** Material for the task follows **

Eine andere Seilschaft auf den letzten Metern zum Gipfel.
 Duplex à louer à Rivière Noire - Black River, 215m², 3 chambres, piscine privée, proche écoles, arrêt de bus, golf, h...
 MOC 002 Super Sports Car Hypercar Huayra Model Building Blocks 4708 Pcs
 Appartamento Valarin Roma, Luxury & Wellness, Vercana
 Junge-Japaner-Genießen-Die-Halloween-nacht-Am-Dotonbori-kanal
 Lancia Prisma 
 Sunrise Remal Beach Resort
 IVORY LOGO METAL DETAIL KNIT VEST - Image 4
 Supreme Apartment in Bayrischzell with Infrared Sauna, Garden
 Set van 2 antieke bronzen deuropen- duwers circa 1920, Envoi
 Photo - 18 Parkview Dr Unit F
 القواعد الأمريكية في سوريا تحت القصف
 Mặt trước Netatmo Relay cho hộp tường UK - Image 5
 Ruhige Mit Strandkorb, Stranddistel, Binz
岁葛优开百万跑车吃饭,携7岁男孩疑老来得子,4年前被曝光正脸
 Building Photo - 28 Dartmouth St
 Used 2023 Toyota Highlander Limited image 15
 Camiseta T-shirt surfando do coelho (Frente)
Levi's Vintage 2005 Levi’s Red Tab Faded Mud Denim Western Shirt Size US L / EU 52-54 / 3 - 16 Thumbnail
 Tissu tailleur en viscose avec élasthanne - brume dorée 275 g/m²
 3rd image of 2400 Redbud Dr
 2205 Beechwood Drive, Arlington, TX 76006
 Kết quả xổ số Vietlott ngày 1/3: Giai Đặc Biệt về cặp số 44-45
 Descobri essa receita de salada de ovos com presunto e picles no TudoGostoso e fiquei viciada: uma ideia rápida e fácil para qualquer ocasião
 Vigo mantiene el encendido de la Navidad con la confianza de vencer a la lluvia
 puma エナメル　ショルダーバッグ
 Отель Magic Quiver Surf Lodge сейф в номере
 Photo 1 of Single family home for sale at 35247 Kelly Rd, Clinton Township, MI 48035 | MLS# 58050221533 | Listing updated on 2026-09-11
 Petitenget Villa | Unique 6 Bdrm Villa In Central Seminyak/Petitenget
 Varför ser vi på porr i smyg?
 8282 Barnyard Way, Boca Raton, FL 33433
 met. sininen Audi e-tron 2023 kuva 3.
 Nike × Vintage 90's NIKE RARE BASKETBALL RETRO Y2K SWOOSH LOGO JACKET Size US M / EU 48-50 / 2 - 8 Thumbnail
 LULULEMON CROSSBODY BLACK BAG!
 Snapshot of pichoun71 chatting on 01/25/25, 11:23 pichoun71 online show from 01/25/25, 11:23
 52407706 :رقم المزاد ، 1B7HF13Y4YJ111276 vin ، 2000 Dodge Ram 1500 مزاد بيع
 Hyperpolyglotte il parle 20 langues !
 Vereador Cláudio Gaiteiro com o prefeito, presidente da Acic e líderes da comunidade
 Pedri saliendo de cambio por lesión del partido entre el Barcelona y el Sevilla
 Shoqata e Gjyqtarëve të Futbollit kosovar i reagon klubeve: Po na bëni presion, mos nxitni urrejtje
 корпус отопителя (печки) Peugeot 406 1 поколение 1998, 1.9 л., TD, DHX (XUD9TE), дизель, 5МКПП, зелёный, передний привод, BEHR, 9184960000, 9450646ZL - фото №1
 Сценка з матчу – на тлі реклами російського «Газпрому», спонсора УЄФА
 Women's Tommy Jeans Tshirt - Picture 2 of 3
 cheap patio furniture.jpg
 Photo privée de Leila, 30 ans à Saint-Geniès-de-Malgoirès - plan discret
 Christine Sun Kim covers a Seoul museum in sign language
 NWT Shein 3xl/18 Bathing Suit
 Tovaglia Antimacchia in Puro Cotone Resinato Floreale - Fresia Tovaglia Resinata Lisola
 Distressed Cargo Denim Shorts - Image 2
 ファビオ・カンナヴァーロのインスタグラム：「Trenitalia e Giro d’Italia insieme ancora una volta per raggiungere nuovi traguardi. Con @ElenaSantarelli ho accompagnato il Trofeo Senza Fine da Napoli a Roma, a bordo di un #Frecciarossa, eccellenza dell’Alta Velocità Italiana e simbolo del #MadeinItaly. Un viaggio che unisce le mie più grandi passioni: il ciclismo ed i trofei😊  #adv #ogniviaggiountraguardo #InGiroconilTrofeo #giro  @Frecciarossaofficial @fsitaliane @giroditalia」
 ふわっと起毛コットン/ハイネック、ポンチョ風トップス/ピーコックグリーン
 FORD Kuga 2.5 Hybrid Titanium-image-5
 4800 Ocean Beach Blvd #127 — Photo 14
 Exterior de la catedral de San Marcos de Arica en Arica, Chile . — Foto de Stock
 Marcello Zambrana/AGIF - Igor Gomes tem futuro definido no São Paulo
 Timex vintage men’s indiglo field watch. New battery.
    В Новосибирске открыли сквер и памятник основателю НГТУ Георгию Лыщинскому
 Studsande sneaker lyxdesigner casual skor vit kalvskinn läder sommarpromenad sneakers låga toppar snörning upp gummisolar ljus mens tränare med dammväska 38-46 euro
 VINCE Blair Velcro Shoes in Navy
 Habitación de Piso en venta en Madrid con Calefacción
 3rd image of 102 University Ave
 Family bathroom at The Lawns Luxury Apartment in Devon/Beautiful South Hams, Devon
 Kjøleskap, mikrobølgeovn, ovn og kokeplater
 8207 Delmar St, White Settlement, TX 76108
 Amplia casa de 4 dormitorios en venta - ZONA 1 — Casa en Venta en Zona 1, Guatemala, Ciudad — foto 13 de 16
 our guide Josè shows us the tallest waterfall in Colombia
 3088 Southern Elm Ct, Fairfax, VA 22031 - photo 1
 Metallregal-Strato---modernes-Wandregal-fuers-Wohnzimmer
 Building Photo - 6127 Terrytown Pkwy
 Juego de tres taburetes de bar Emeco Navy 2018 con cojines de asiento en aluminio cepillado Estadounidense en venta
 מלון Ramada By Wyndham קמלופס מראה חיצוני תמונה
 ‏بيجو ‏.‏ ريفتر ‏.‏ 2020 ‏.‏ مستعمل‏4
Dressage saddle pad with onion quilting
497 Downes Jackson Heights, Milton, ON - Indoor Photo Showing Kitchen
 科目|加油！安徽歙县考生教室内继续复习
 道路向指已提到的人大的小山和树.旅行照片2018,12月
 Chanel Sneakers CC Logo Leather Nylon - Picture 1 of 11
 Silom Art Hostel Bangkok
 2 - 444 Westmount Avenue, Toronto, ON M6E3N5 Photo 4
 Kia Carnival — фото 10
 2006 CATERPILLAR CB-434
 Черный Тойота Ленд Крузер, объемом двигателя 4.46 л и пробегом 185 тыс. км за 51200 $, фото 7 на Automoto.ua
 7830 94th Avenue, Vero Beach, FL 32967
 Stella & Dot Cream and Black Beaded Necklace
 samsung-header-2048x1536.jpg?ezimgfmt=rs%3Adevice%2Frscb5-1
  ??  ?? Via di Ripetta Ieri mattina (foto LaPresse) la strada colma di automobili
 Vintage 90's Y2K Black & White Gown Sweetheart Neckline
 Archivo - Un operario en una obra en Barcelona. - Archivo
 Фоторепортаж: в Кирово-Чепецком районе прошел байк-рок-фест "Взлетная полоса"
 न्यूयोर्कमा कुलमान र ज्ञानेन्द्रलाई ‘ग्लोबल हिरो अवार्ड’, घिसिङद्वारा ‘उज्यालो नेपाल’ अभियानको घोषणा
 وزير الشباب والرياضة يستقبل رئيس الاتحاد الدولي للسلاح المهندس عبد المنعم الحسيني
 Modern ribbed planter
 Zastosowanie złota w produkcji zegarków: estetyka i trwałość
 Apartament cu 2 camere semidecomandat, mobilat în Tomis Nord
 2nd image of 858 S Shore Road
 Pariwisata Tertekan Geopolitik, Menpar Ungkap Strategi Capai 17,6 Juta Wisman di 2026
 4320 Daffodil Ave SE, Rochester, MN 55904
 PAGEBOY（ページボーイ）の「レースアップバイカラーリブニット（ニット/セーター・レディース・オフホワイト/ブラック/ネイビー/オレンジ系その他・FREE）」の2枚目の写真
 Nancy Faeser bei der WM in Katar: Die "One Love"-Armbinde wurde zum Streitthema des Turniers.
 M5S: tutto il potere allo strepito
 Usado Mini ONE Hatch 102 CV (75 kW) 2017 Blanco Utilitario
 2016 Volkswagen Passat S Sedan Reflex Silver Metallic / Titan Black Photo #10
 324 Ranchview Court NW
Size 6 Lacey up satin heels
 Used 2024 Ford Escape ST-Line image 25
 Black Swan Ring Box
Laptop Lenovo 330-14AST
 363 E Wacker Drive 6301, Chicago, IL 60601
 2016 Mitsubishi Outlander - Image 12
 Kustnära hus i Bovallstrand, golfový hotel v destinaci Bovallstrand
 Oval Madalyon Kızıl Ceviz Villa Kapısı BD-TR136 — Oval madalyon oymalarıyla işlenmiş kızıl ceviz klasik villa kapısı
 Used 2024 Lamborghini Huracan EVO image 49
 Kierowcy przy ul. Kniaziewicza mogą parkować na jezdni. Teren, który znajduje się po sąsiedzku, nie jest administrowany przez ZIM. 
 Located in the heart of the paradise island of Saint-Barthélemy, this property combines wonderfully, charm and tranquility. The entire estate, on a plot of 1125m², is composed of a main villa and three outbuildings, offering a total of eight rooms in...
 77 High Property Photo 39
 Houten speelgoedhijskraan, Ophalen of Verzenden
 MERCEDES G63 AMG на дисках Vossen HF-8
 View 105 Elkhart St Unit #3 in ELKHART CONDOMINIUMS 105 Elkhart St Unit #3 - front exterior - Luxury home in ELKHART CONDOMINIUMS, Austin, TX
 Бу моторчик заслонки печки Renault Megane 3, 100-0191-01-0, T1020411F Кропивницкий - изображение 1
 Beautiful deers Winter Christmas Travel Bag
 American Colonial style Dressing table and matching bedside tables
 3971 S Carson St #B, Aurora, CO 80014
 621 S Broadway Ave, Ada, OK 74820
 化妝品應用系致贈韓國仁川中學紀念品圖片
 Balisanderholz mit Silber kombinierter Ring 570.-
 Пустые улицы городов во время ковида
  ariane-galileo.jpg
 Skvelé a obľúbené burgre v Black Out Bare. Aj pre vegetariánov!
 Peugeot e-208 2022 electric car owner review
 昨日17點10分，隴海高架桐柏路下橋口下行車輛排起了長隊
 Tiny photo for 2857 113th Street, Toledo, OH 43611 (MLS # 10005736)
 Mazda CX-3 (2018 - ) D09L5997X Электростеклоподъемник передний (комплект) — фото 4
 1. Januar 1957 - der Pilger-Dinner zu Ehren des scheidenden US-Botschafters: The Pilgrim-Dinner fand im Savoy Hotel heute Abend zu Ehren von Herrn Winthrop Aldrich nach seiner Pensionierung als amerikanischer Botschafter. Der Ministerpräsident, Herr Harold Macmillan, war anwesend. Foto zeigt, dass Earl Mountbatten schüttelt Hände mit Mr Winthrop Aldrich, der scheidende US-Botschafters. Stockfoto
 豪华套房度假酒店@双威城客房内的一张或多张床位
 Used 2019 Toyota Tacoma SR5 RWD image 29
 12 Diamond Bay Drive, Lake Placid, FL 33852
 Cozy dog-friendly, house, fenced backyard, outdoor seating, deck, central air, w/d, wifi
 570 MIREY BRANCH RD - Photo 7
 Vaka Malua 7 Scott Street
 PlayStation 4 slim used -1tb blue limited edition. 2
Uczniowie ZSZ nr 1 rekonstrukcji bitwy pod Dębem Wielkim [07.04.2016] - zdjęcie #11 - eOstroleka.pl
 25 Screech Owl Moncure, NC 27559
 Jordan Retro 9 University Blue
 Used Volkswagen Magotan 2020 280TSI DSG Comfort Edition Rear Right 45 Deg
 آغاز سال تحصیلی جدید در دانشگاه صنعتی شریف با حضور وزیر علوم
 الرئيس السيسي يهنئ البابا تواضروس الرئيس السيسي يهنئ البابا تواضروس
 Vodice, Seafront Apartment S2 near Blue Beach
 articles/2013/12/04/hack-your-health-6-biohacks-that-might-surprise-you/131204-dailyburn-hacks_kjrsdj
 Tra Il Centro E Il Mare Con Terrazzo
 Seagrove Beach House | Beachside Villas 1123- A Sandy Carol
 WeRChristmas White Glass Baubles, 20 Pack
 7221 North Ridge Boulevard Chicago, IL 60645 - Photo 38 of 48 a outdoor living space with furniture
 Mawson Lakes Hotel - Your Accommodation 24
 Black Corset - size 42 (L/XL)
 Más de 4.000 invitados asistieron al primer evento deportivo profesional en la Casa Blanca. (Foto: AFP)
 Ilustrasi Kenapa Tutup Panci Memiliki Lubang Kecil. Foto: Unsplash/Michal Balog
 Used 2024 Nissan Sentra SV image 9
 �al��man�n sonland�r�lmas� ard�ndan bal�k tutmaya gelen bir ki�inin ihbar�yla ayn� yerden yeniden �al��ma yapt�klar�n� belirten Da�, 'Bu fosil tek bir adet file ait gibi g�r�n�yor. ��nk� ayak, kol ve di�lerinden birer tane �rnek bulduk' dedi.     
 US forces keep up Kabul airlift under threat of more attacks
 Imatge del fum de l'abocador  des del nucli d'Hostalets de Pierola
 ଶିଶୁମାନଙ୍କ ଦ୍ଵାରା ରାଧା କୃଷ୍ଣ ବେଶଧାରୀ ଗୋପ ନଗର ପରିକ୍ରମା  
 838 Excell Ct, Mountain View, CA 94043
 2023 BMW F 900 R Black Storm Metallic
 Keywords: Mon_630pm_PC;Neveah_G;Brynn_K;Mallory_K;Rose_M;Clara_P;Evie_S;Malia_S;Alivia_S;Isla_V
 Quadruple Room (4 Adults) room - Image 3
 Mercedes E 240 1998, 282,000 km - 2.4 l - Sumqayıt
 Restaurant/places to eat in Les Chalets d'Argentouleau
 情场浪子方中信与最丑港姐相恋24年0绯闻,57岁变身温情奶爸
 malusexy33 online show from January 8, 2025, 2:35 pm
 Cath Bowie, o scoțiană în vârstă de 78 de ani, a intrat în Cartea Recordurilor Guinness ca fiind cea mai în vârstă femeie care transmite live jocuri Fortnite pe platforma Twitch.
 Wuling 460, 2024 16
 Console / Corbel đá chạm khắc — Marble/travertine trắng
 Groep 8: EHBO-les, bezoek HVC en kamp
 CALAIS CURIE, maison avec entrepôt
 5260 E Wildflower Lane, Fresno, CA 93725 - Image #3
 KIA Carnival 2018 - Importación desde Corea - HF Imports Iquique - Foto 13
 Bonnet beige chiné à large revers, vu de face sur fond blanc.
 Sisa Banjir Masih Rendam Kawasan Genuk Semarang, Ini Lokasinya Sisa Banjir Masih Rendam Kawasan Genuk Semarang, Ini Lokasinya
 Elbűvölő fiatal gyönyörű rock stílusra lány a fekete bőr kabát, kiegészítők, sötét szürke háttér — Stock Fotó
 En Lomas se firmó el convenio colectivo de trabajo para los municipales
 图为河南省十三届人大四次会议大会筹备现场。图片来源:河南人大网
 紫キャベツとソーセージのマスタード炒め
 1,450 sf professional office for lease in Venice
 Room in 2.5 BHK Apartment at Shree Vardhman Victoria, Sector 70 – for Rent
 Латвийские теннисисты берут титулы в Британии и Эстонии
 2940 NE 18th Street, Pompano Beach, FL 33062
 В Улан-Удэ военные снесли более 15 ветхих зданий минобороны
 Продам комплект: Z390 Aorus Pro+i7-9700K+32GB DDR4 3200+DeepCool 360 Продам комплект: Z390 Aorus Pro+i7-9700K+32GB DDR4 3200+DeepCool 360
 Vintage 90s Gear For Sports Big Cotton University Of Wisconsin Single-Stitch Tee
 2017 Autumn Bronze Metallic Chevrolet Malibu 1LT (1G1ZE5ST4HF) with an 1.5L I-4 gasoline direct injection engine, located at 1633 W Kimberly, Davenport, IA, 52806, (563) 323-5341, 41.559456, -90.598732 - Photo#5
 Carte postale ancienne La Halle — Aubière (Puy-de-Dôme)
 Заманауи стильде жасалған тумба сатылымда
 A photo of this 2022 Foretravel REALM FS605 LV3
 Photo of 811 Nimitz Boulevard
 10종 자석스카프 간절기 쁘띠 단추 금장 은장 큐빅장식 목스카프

** End of Material for the task **

Task brief =>
"Sunrise Remal Beach Resort" marks the last line to print; print everything from the first line of the data through that line, unchanged, and nothing more.

Task answer =>
Eine andere Seilschaft auf den letzten Metern zum Gipfel.
 Duplex à louer à Rivière Noire - Black River, 215m², 3 chambres, piscine privée, proche écoles, arrêt de bus, golf, h...
 MOC 002 Super Sports Car Hypercar Huayra Model Building Blocks 4708 Pcs
 Appartamento Valarin Roma, Luxury & Wellness, Vercana
 Junge-Japaner-Genießen-Die-Halloween-nacht-Am-Dotonbori-kanal
 Lancia Prisma 
 Sunrise Remal Beach Resort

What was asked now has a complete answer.